What is expected: If a line below holds the word "Base", count it; then say how many such lines there are and nothing else.

Provided records:
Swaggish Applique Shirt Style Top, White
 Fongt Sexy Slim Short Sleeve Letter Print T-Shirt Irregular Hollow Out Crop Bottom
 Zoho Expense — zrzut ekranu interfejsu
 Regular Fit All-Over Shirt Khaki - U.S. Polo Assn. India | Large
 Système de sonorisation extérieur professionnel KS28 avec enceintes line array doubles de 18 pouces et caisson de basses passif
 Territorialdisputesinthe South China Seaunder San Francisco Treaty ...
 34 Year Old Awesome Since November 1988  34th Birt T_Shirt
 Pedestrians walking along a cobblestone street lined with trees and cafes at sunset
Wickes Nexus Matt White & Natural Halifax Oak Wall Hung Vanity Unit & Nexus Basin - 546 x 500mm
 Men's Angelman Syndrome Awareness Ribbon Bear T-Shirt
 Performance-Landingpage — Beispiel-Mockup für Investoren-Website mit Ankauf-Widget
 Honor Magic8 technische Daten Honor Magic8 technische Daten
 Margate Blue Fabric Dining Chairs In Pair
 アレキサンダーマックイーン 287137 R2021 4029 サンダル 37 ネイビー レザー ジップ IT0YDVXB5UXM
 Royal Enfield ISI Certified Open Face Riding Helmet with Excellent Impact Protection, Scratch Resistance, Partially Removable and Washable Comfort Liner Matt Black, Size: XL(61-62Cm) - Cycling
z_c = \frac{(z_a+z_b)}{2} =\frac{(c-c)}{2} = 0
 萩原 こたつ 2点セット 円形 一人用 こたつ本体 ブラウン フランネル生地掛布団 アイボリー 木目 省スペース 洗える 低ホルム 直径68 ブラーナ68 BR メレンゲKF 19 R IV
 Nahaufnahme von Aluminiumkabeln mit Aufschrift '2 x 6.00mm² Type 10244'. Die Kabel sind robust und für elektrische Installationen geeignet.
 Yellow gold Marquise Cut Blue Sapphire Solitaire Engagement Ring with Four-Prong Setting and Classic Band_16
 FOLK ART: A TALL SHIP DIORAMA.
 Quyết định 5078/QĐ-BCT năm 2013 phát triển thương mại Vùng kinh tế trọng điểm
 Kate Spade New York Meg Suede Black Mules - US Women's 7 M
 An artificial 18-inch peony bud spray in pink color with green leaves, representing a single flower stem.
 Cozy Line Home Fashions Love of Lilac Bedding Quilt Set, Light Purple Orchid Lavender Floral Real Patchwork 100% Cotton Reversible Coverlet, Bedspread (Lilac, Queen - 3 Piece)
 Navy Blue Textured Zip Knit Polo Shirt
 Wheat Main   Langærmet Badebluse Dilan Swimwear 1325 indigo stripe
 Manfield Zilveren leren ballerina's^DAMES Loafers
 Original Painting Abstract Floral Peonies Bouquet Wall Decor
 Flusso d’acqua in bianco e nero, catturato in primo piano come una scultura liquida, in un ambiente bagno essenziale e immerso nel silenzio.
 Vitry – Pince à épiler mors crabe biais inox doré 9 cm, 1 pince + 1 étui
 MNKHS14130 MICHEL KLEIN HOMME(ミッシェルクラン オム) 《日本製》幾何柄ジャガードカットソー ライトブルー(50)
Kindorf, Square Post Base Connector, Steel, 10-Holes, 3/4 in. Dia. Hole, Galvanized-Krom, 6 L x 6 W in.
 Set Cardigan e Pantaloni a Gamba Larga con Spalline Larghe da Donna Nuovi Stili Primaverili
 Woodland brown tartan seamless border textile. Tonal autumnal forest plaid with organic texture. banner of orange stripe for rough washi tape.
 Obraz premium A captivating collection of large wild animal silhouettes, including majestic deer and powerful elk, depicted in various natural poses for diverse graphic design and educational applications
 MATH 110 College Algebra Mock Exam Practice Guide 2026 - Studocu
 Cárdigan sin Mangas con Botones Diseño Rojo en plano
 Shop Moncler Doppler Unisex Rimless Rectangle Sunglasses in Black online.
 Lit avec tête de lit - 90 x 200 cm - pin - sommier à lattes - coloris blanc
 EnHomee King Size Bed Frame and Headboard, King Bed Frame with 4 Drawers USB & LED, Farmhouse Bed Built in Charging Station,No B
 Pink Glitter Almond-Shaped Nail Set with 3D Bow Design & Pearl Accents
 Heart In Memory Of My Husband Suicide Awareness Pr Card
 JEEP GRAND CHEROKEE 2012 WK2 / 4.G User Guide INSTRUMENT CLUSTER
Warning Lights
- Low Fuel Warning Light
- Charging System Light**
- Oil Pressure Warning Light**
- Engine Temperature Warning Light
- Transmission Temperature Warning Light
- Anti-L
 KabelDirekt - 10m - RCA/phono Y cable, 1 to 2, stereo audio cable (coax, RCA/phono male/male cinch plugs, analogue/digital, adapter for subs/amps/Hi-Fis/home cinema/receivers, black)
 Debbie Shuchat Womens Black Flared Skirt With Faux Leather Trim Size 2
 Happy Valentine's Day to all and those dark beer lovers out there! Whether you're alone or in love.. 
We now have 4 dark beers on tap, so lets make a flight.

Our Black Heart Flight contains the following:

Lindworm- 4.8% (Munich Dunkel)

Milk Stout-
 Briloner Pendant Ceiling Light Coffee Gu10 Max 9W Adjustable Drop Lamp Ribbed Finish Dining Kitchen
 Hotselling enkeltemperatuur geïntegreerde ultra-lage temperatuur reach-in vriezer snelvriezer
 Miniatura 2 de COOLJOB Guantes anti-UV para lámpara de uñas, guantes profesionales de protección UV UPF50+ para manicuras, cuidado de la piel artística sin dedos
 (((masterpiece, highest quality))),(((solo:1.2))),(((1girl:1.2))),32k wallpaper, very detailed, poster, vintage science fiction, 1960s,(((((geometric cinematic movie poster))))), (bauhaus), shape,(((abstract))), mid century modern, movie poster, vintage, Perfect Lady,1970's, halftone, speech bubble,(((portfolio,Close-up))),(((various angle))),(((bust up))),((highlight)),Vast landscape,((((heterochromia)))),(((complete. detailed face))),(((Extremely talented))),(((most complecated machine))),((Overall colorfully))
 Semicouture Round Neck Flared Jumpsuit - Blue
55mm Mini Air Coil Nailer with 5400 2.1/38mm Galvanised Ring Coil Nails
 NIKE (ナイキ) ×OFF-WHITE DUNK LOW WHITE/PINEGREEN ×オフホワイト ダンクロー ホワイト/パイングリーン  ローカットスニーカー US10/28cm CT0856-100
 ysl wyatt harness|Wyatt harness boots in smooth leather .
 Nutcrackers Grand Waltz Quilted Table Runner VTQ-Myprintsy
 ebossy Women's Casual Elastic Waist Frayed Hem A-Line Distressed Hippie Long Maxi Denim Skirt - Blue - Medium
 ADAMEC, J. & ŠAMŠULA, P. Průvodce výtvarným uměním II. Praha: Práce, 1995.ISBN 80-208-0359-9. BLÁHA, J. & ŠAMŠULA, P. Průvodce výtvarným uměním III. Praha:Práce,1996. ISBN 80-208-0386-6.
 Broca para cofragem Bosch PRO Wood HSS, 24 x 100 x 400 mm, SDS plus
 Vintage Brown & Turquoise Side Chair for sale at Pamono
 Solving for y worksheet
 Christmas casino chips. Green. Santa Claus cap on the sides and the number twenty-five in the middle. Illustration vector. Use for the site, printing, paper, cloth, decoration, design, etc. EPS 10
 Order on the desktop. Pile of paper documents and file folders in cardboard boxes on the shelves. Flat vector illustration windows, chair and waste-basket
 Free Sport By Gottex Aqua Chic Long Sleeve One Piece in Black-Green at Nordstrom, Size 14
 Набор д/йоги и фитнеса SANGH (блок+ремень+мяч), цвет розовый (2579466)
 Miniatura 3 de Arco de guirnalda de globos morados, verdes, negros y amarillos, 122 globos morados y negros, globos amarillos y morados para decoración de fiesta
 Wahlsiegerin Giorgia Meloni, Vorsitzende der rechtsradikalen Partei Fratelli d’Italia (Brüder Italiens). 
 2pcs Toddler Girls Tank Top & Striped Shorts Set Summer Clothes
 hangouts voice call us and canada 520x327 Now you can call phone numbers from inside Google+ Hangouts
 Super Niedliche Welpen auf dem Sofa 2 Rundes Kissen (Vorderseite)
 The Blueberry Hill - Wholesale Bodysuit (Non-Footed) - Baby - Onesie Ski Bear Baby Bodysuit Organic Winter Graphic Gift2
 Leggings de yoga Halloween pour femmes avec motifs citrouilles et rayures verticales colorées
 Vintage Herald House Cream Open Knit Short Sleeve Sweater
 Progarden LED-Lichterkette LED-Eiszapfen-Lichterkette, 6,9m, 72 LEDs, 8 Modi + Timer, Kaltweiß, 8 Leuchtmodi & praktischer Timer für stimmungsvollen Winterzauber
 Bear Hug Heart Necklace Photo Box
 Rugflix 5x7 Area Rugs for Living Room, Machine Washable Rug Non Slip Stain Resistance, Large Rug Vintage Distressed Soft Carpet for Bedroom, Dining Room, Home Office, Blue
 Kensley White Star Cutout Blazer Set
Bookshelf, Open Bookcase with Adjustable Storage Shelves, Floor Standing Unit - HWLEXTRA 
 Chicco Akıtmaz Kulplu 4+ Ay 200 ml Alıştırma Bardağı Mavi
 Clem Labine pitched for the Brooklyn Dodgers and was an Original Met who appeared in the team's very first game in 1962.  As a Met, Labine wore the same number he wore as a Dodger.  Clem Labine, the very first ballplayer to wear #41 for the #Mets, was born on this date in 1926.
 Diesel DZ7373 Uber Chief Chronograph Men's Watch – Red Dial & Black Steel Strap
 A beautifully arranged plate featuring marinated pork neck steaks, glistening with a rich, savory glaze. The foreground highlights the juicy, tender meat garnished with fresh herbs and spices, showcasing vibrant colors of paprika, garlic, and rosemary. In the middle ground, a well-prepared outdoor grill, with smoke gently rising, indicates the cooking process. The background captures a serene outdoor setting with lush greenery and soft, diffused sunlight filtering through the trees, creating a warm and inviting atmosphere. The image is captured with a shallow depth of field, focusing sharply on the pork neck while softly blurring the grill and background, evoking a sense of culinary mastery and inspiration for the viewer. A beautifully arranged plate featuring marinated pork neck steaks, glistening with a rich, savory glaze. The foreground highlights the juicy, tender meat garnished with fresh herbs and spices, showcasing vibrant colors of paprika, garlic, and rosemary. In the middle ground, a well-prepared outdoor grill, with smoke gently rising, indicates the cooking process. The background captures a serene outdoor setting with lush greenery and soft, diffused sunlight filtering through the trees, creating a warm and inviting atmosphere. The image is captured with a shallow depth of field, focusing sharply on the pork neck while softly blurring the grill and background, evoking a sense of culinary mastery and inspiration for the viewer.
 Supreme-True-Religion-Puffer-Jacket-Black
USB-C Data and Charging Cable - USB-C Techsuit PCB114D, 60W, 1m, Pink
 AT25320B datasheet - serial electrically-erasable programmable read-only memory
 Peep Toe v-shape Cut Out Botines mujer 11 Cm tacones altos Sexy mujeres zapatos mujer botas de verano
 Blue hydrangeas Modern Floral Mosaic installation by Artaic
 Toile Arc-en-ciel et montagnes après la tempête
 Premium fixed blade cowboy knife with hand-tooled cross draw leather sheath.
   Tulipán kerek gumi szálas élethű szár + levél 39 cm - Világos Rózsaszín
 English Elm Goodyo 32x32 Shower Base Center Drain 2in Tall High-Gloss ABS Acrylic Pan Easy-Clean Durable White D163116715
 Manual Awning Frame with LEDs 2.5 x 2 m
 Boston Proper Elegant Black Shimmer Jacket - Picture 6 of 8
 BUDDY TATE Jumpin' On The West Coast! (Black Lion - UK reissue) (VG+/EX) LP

Solution for this exercise: 2